La direction du Télégramme a dénoncé, vendredi 21 décembre, une décision du parquet de Quimper (Finistère) qui a obligé l’opérateur Orange à fournir à la police l’identité de sources d’un de ses journalistes enquêtant sur un fait divers. Dans le texte que vous trouverez ci-dessous, le quotidien estime qu’il « n’est pas acceptable que des moyens d’instruction permettent de contourner les dispositions légales » protégeant les sources des journalistes. [1]

Nous terminons ce petit dossier avec un arrêt récent de la Cour européenne des Droits de l’Homme concernant la liberté de la presse [2].


La presse surveillée

éditorial du Monde, le 26 décembre 2007

L’année 2007 n’aura pas été un bon millésime pour la liberté de la presse en France. Aux difficultés économiques auxquelles nombre de journaux sont confrontés, vient s’ajouter une pression accrue de la justice pour contraindre les journalistes à révéler leurs sources.

Deux affaires en cours en témoignent. La plus récente concerne Le Télégramme. Ce quotidien breton a révélé, vendredi 21 décembre, qu’un de ses journalistes qui avait refusé - comme le code de procédure pénale lui en donne le droit - de révéler à la justice la source d’un article portant sur un meurtre lié au milieu nantais venait d’être victime d’une redoutable première. Sur réquisition du parquet, l’opérateur téléphonique Orange a fourni à la police judiciaire le relevé des appels passés par ce journaliste à partir de son portable. Cette communication s’est effectuée sans que ni l’intéressé ni sa hiérarchie n’en soient tenus informés.

Orange met en avant le code des postes et communications électroniques pour justifier sa collaboration avec la justice et son silence à l’égard de son abonné.

Cette affaire est inquiétante. Alors que la sécurité de l’Etat n’est manifestement pas en danger, la justice utilise des méthodes qui ne sont pas sans rappeler les pressions exercées par le régime de Pékin à l’égard des fournisseurs d’accès à Internet.

L’autre affaire est aussi grave. Un journaliste a été mis en examen en décembre pour avoir publié en avril 2007 dans Le Monde un article sur un document d’analyse des services secrets français expliquant les filières du réseau Al-Qaida avant les attentats du 11 septembre 2001. Là aussi, police et justice voulaient absolument connaître les sources du journaliste.

Ces affaires ne sont malheureusement pas des exceptions. Ces dernières années, des journalistes du Point, du Parisien, de L’Equipe, de France 3 et du Midi libre ont eu affaire à la justice, qui ne contestait pas la validité de leurs informations, mais voulait en connaître l’origine. Des perquisitions ont été effectuées, tant dans les rédactions qu’au domicile des journalistes.

Ce faisant, la justice ne fait pas progresser la démocratie. Au contraire.
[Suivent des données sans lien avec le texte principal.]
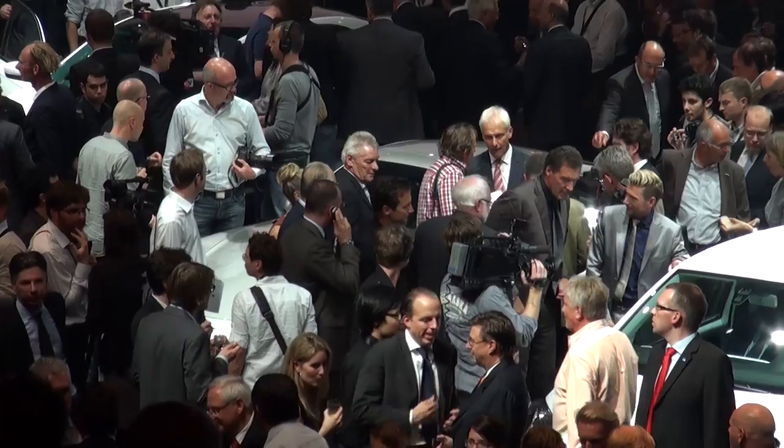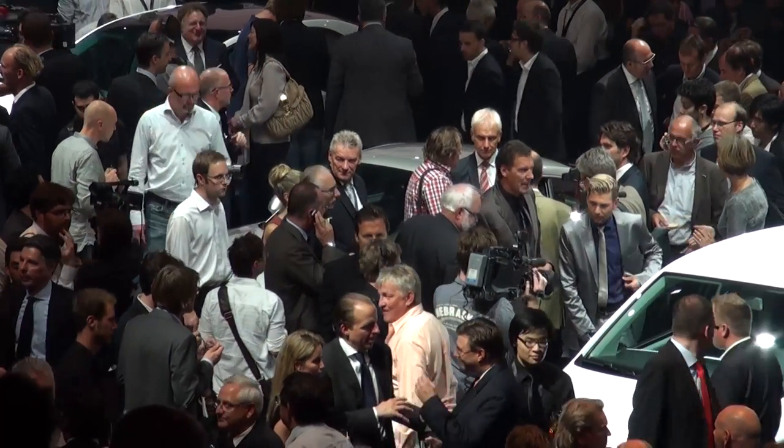We're here in Frankfurt for a preview event for the Frankfurt Motor Show, and in the crowd behind me you can just about make out the new Porsche 911.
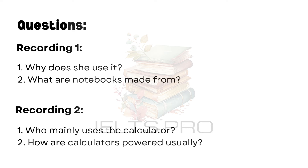People use notebooks for many reasons, like taking notes in class, writing down shopping lists, or even drawing. Notebooks are portable, so you can carry them in your bag or pocket. They are made from paper, and the cover is often made of thicker paper, leather, plastic, or cardboard to protect the pages inside.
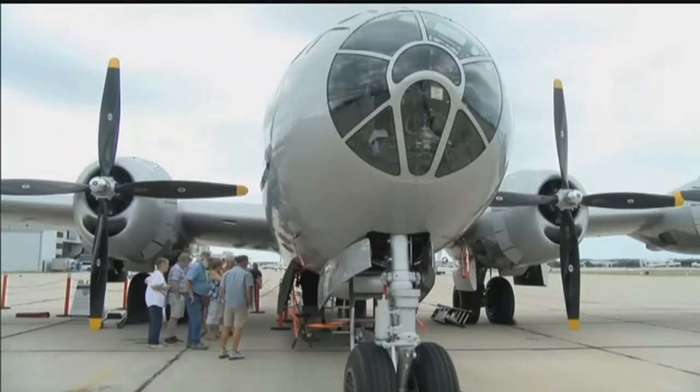And some of the planes are incredibly rare. There's only two B-29s flying in the world today and there's only two B-24s flying in the world today, and the Commemorative Air Force has one of each.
Comme le rappelle Le Télégramme, la Cour européenne des droits de l’homme estime que la protection des sources est la pierre angulaire de la liberté de la presse. Régulièrement, des ministres - de la justice ou de la communication - prétendent s’émouvoir des atteintes au droit de la presse. Malheureusement, malgré les bonnes intentions affichées, aucune décision ne vient arrêter cette évolution. Au contraire.
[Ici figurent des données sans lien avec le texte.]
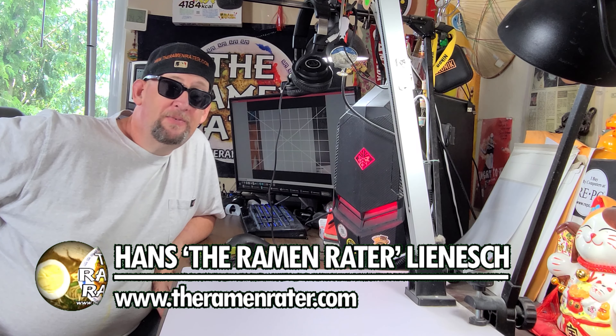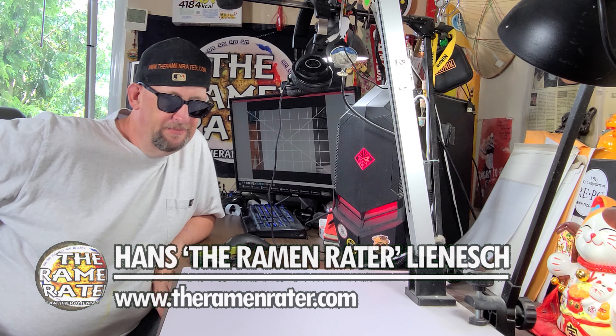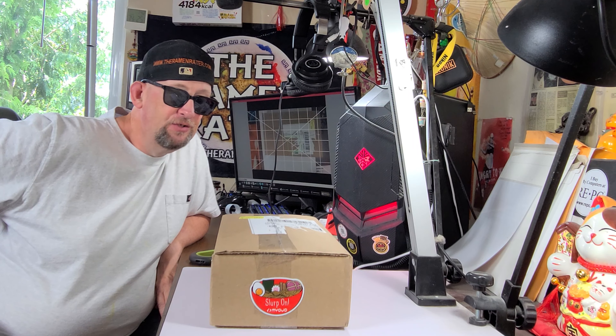Hey, this is Hans, and it's time for another episode of Unboxing Time with the Ramen Raider. This is the show where I show you what comes in the mail. Today I've got something from the United States — this is a box from Miojo USA, makers of fresh noodles.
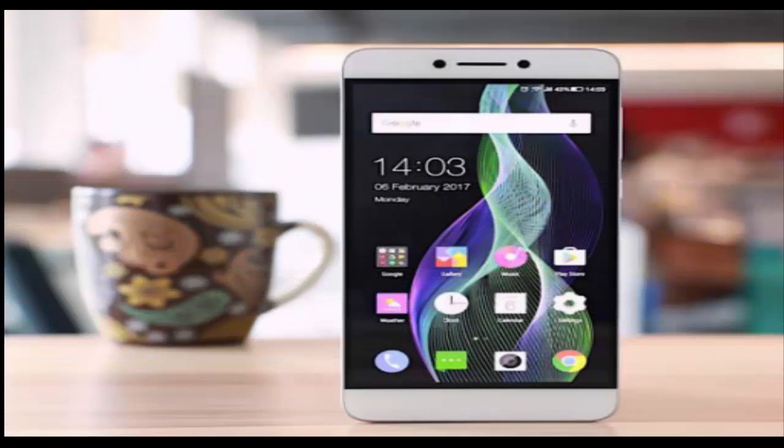Coolpad COOL1 Dual 3GB RAM variant has launched. The COOL1 Dual is now the most affordable smartphone with a dual camera setup in India.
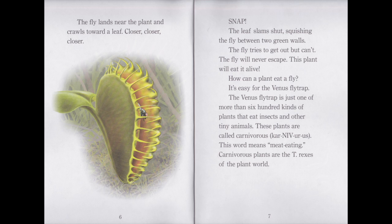How can a plant eat a fly? It's easy for the Venus flytrap. The Venus flytrap is just one of more than 600 kinds of plants that eat insects and other tiny animals. These plants are called carnivorous. This word means meat eating. Carnivorous plants are the T-Rexes of the plant world.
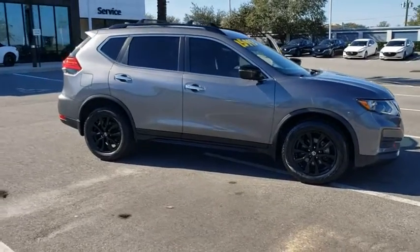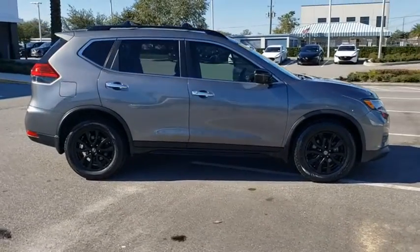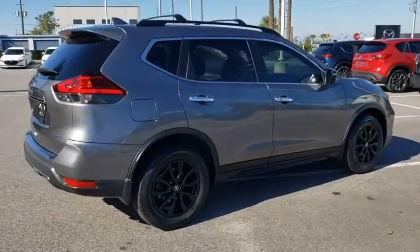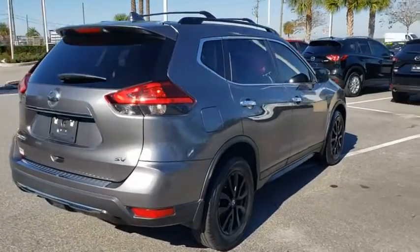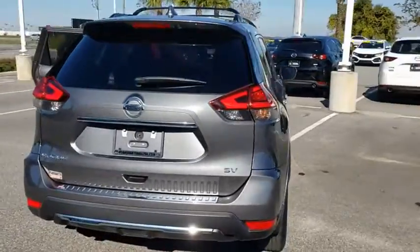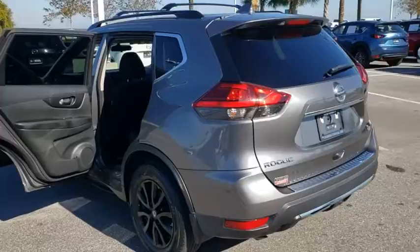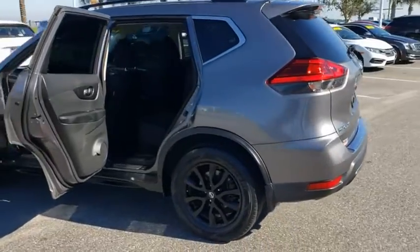Take a ride in the 2017 Nissan Rogue. The stylish Rogue gets 27 mpg and still boasts nearly 58 cubic feet of cargo space. With a five-star side impact safety rating and confident handling, the Rogue is more than you expect and everything you deserve.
Au nom de la sécurité, les atteintes à la liberté de la presse se multiplient. Mais l’enjeu dépasse ce secteur. L’histoire montre que liberté de la presse et liberté des citoyens sont intimement liées.

Droits des journalistes. Une atteinte inacceptable

Grave atteinte au principe de la protection des sources d’information : un journaliste du Télégramme constate que le relevé des communications téléphoniques qu’il avait eues dans le cadre d’une enquête, depuis le téléphone mobile mis à sa disposition par le journal, a été transmis à la police à son insu et sans l’accord du journal.
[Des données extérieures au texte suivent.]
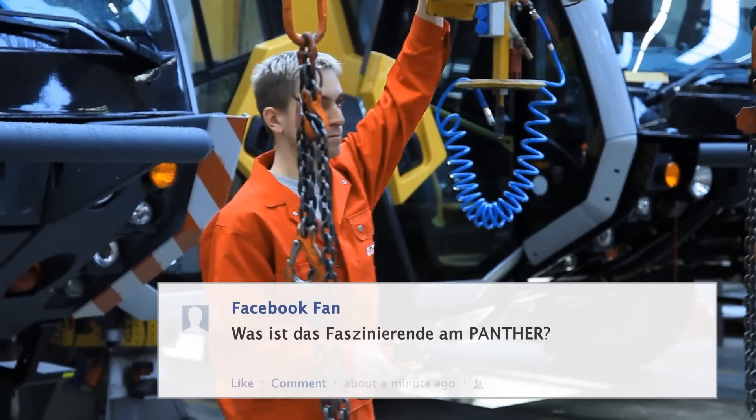Der Panther ist deshalb so faszinierend, weil er so groß ist, eine so große Leistung besitzt, ein super Design hat und technisch sehr anspruchsvoll ist. Und dadurch, dass ich Fahrzeugfertiger gelernt habe, ist das für mich eine super Sache, wenn ich jeden Tag damit arbeiten darf.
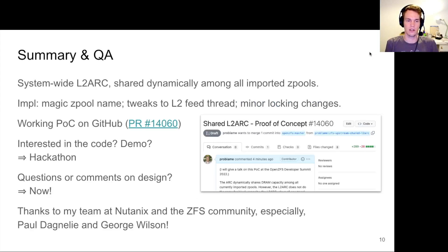And that was my talk. If you're interested in the code, have a look at the PR or we can look at it together in the breakout session or during the hackathon. If you want a demo, we can do that during the breakout room after the talk. I would like to say thank you to my team at Nutanix and the ZFS community at large, in particular Paul Danielli and George Wilson — both of you answered lots of questions I had while I implemented this. Thank you.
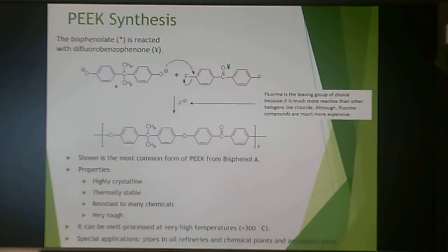In PEEK synthesis, you start with bisphenol A, create a salt ion from it, which then attacks fluorinated monomers — this gives you the ether-ether-ketone backbone. Bisphenol A is a commodity chemical used for epoxies, polycarbonates, and many other syntheses, so it's cheap as a starting material. However, fluorinated monomers are not cheap, which makes the process expensive. The resulting material is highly crystalline, thermally stable, resistant to many chemicals, and very tough, and can be melt-processed at temperatures greater than 300°C. Specific applications include pipes in oil refineries, chemical plants, and aerospace parts.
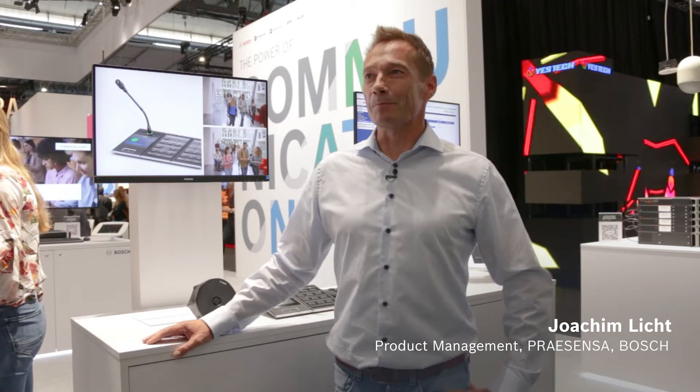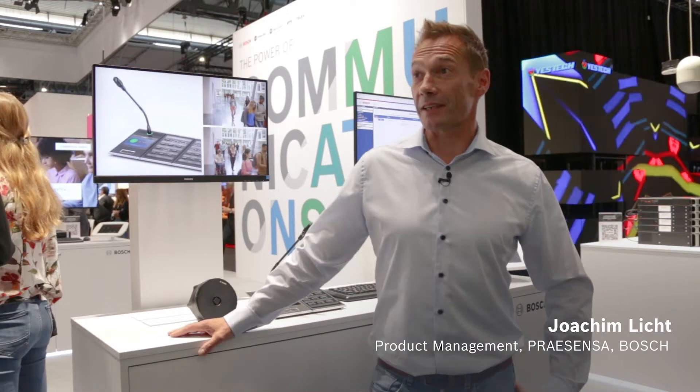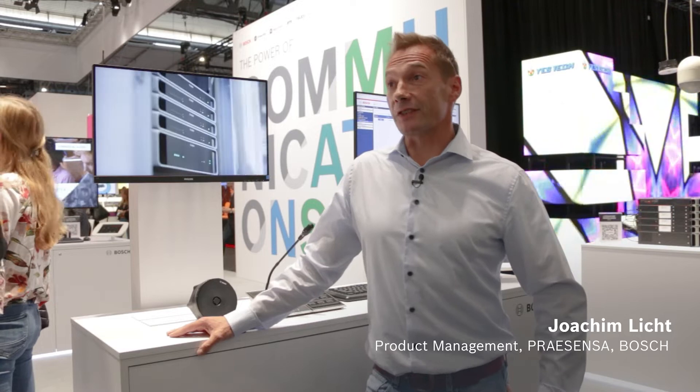I'm Joachim Licht, the product manager of the PreSensor system at the Bosch Business Unit Communication.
Après le meurtre, à Bénodet, de Bernard Algret, lié au « milieu » nantais, Le Télégramme publiait dans son édition du 19 juin 2006, sur une pleine page, une enquête complète et documentée consacrée à cette affaire. Peu de temps après cette publication, l’auteur de cette enquête était entendu par la police judiciaire qui voulait connaître ses informateurs. Se retranchant derrière le secret des sources journalistiques, notre confrère, comme le lui permettent les dispositions de l’article 109 du Code de procédure pénale, se refusait à communiquer leur identité. Or, plusieurs des personnes avec lesquelles il avait eu contact dans le cadre de ce travail se sont plaintes récemment auprès du Télégramme d’avoir été convoquées et entendues par la police judiciaire. Il est apparu que, sur réquisition du parquet, l’opérateur téléphonique Orange a fourni à la police judiciaire le relevé des communications passées par notre confrère, depuis le téléphone mobile du Télégramme qu’il utilisait, dans le cadre de ses fonctions. La PJ aurait obtenu ce relevé sans que l’accord de la direction du journal, indispensable aux termes de la loi, n’ait même été sollicité. Il y a peu, la Fédération Nationale de la Presse Française rappelait dans un communiqué qu’il ne pouvait y avoir de « presse libre sans la garantie qu’apporte le secret des sources d’information des journalistes ». Elle s’appuyait notamment sur un récent arrêt de la Cour Européenne des Droits de l’Homme, selon laquelle « la protection des sources journalistiques est l’une des pierres angulaires de la liberté de la presse ». La Rédaction du Télégramme constate que ces grands principes sont parfois remis en cause. Comme la Fédération de la Presse, Le Télégramme considère qu’il n’est pas acceptable que des moyens d’instruction permettent de contourner les dispositions légales et de bafouer ainsi les règles protectrices de la liberté de la presse sans lesquelles le droit fondamental du public à être informé ne serait pas pleinement effectif.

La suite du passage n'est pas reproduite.